**Action item**
In your copy of the entries, please include no pictures and return every word exactly.

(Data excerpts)
********************
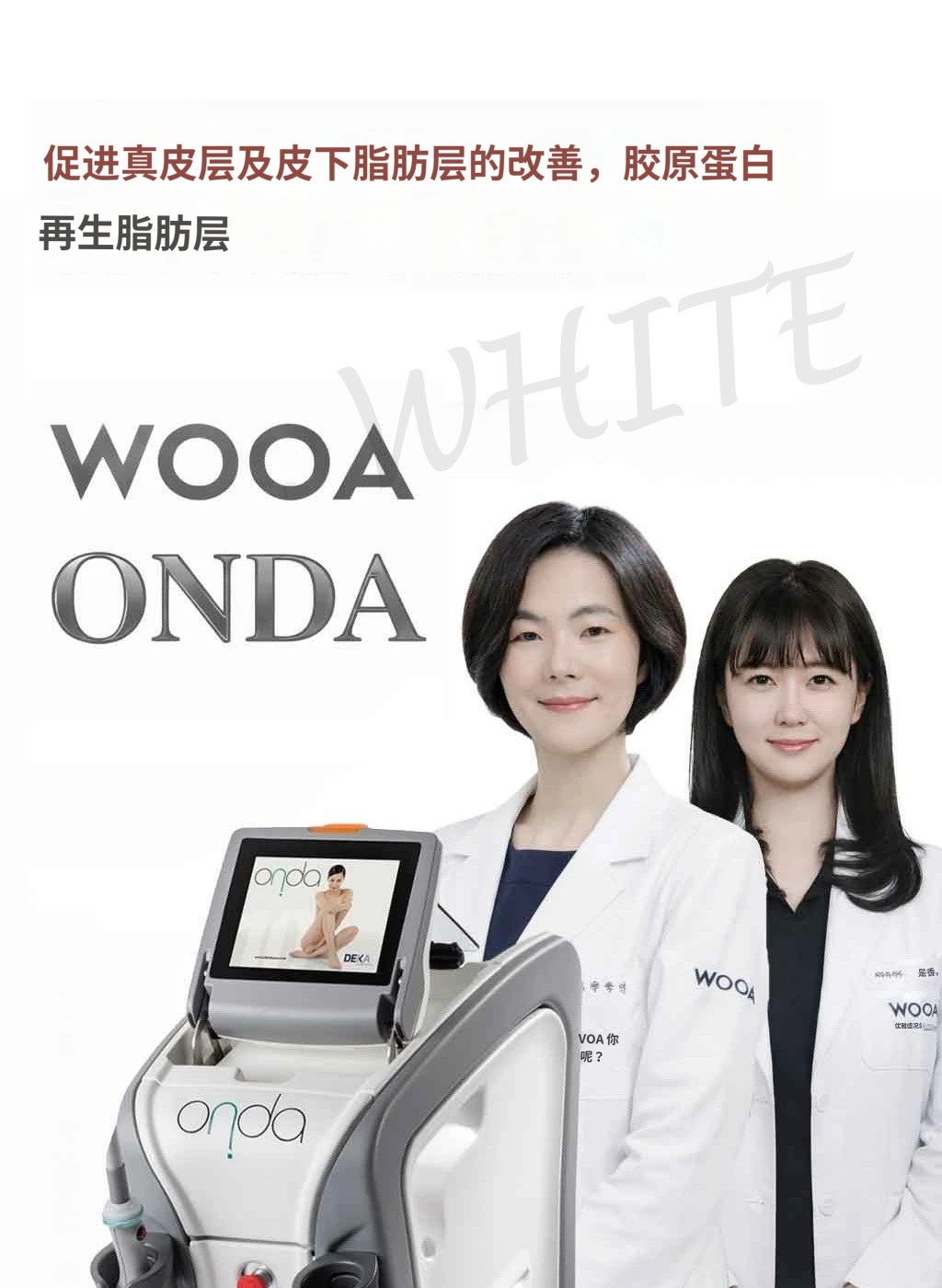 treatmentIntroduction
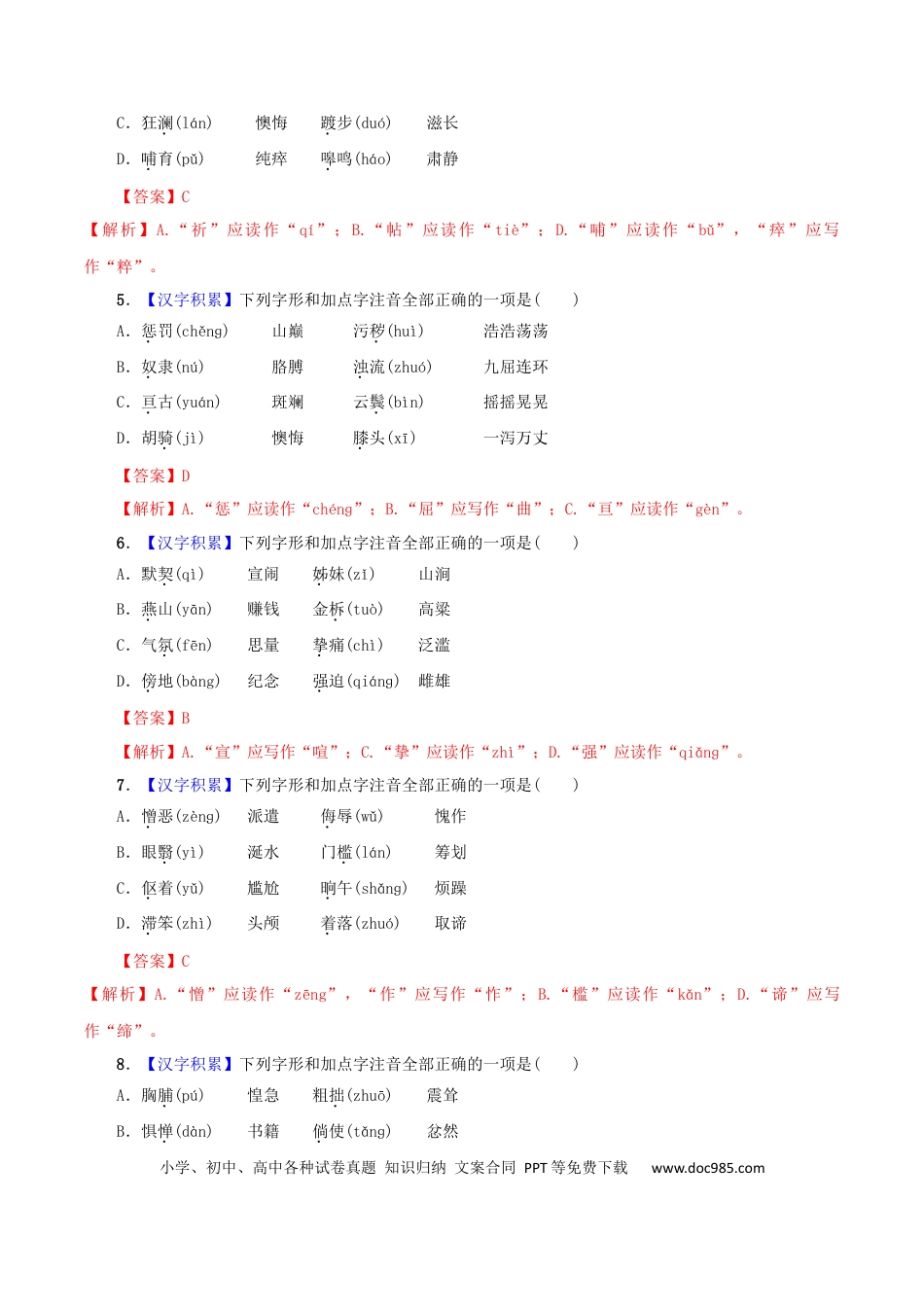 【部编语文七年级下册】专题01 字音（解析版）.docx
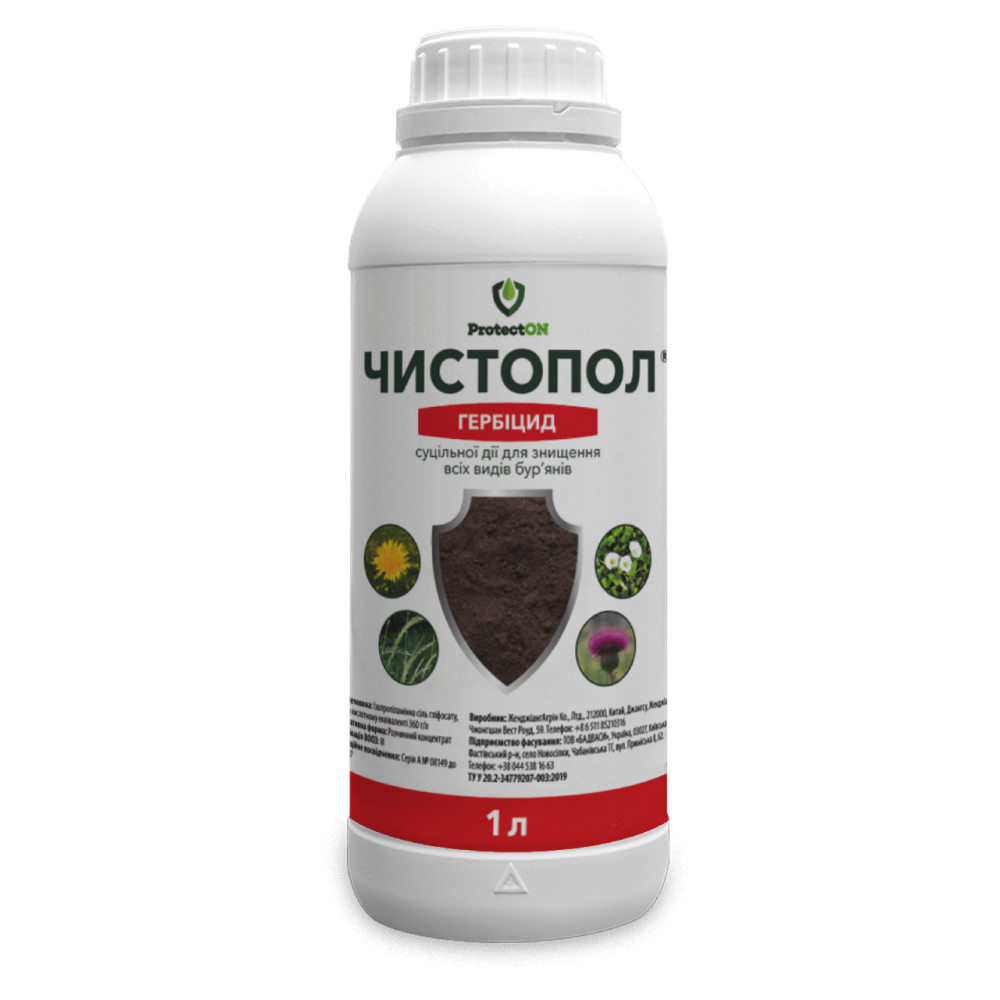 Чистопол 500мл гербіцид суцільної дії (знищення всіх бур“янів) Чистопол 500мл., ProtectON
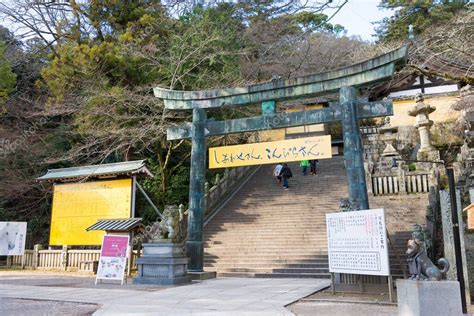 Kagawa Jap N Enfoque En Kotohiragu Shrine Konpira Shrine En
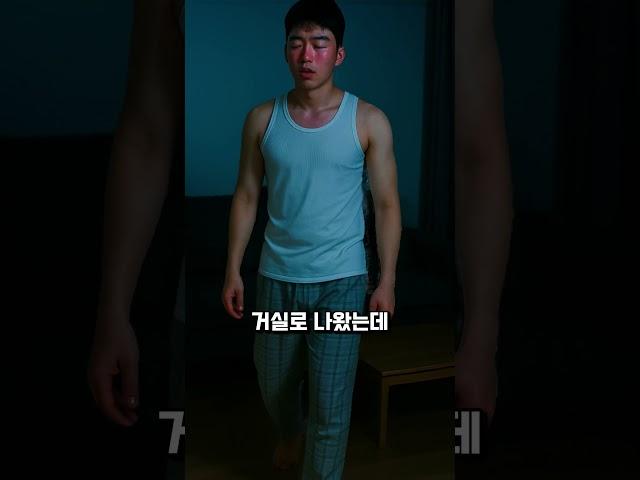 썸녀와의 달콤한 추억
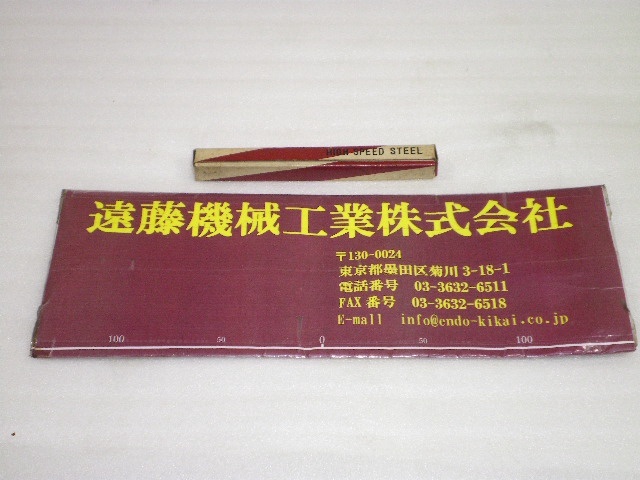 EIKOSHA SKH9 Φ8.01mm 未使用品 Reamer / Brooch Image 1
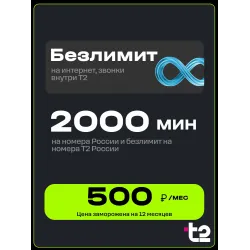 T2 (Tele2)  Партнер L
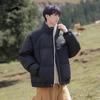Guirenniao Men's Stand-Collar Thickened Padded Winter Jacket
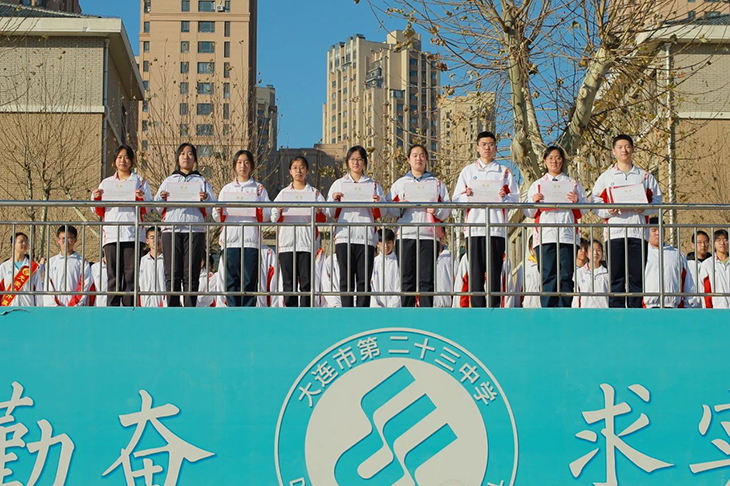 微信图片_20241210084010.jpg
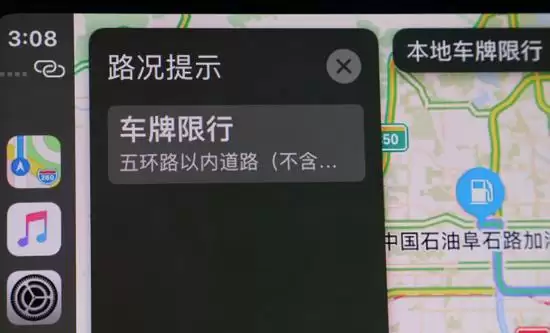 更新 iOS 14 后 CarPlay 功能有哪些变化? 更新 iOS 14 后 CarPlay 功能有哪些变化?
********************
**Output for this task**
 treatmentIntroduction
 【部编语文七年级下册】专题01 字音（解析版）.docx
 Чистопол 500мл гербіцид суцільної дії (знищення всіх бур“янів) Чистопол 500мл., ProtectON
 Kagawa Jap N Enfoque En Kotohiragu Shrine Konpira Shrine En
 썸녀와의 달콤한 추억
 EIKOSHA SKH9 Φ8.01mm 未使用品 Reamer / Brooch Image 1
 T2 (Tele2)  Партнер L
Guirenniao Men's Stand-Collar Thickened Padded Winter Jacket
 微信图片_20241210084010.jpg
 更新 iOS 14 后 CarPlay 功能有哪些变化? 更新 iOS 14 后 CarPlay 功能有哪些变化?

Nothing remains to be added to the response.